# GIVEN DATA:

⁂

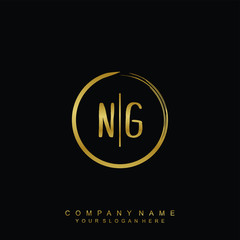 NG initials with a golden circle brush template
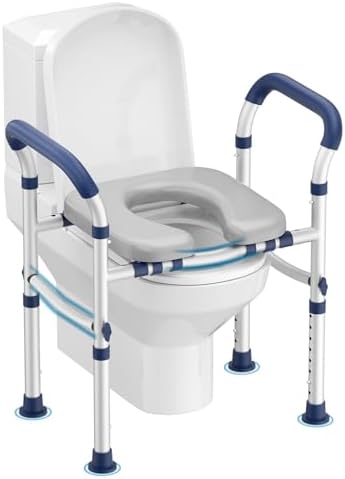 Toilettensitzerhöhung mit Armlehnen für Senioren, Höhen- & Breitenverstellbare Toilettenerhöhung für Ältere und Schwangere, Passend für Standard-WCs, Blau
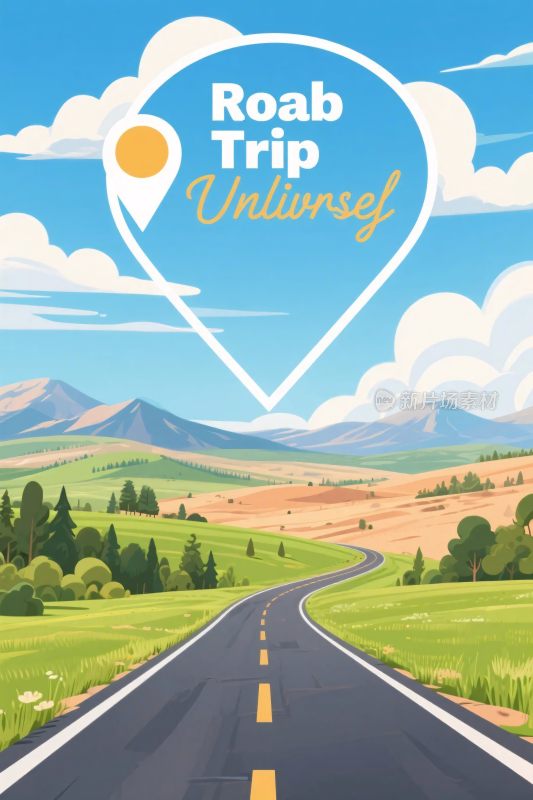 公路旅行插画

⁂

# PROBLEM REQUIREMENTS:
Set the material down exactly, images excluded.

# SOLUTION TO THIS PROBLEM:
 NG initials with a golden circle brush template
 Toilettensitzerhöhung mit Armlehnen für Senioren, Höhen- & Breitenverstellbare Toilettenerhöhung für Ältere und Schwangere, Passend für Standard-WCs, Blau
 公路旅行插画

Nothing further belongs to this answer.